Apne Aap board member Vinita Sud Belani presented the award to Ratnam. “Basu opened up his kitchens to us during the worst of the pandemic,” she said.

“These are strange and difficult times for so many people, who are locked in situations of despair,” said Ratnam, as he received the honor. During a robust pledge drive, Ratnam emerged another winner, scooping up a Lake Tahoe home for a 7-day vacation.

Each year 1.4 million girls are sold into sex trafficking. Apne Aap estimates that one out of every 250 girls around the world is trafficked for sex.

Apne Aap was founded in 2002 by Indian American journalist Ruchira Gupta, who exposed the trafficking of women and girls in India and Nepal, in her Emmy-award winning documentary “The Selling of Innocents.”

Gupta founded the organization with 22 women living in a red-light district in Mumbai. The organization aims to empower women and girls involved in the sex industry, and provide them alternate livelihoods.

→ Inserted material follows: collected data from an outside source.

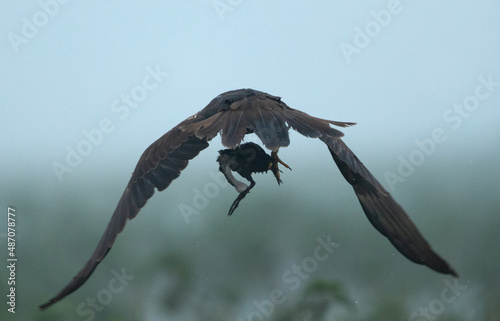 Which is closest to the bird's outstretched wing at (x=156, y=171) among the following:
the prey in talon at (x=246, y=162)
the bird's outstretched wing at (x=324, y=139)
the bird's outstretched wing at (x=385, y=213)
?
the bird's outstretched wing at (x=324, y=139)

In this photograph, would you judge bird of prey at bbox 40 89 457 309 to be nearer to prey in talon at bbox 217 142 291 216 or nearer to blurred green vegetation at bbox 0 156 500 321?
prey in talon at bbox 217 142 291 216

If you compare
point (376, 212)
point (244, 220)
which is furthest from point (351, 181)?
point (244, 220)

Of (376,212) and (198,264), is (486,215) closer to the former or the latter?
(198,264)

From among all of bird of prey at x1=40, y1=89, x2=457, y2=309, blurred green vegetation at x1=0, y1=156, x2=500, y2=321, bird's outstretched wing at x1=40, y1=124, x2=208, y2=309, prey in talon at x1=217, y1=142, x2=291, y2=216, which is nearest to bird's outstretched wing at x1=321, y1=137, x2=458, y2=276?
bird of prey at x1=40, y1=89, x2=457, y2=309

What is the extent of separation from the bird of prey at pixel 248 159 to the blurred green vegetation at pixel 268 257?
14.4ft

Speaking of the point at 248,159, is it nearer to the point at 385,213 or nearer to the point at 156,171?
the point at 156,171

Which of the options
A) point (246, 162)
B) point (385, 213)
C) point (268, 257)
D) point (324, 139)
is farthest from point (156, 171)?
point (268, 257)

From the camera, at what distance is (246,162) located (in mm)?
8680

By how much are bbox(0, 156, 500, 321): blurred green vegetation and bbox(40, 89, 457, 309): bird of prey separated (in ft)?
14.4

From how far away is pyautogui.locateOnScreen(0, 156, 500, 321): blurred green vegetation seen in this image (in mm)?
13422

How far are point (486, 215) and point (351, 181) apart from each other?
6759 mm

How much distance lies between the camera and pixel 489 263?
1429 centimetres

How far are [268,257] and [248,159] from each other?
20.6 ft

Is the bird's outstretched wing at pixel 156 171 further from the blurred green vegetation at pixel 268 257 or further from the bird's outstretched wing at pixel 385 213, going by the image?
the blurred green vegetation at pixel 268 257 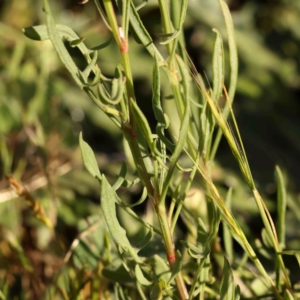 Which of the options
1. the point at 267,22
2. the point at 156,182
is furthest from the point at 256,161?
the point at 156,182

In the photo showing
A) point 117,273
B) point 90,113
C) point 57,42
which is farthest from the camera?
point 90,113

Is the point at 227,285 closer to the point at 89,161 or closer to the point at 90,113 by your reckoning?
the point at 89,161

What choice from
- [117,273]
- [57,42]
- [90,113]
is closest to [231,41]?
[57,42]

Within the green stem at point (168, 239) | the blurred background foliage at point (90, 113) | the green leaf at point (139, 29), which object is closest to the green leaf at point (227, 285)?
the green stem at point (168, 239)

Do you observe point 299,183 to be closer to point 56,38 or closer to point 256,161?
point 256,161

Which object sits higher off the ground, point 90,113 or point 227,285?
point 227,285

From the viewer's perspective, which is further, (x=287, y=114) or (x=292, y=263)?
(x=287, y=114) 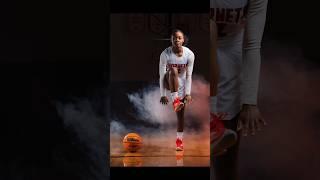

“Body invasion on a daily basis is not a great way to make a living. It is not dignified labor: the body is literally consumed,” said Steinem at the ceremony, which was held virtually this year, in keeping with Covid-19 protocols, which discourage large gatherings, especially indoors.

“We cannot criminalize the people who are forced to do this,” said Steinem, one of the most prominent spokespersons for the women’s liberation movement in the 1960s and 70s. The co-founder of Ms. Magazine lived in India for two years in the 1950s, and said she considers the country her second home.

In response to a question from India-West, Steinem said she had never seen consensual sex in the industry, despite current attempts to dignify the trade in a positive light.

In a conversation with actress Ashley Judd, MacKinnon noted that children, mostly girls, enter the trade fairly early in life, often fleeing sexual abuse in their homes. Others are daughters of women in the sex industry.

“Sex is forced by people with power on to people who have no power,” she said.

“People say ‘if it’s a choice, it’s all right, but what is the back story?’” queried Gupta.

The pandemic exacerbated conditions for women and girls living in brothels, said Gupta. “When they are at school, girls are able to study and they are safe from male predators. But when schools shut down, girls must return to their homes in red light districts.”

“The government has done nothing to protect these girls,” stated Gupta, adding that the Modi administration’s response to the pandemic has been a “failure of leadership.”

Apne Aap aims to offer women and girls an alternative to prostitution, via its “10×10 Organizing for Independence” methodology. The organization provides its clients with a safe space; education; self-confidence; political power; government authorized identification and subsidies for low-cost food, housing, health care and loans; legal support to file police complaints and testify in court; savings and bank accounts; linkages to vocational training, markets, and jobs; and membership in a self-empowerment group.

Twenty percent of Apne Aap’s work is to create exit strategies for girls and women who are victims of prostitution, known as rehabilitation and reintegration. The remaining 80 percent strives to prevent inter-generational prostitution among the daughters of women in prostitution and caste discrimination.

“The last girl is the most-marginalized girl. By supporting her and her family, we hope they support her,” said Gupta.

Apne Aap has also launched the social media-based campaign, “Cool Men Don’t Buy Sex.”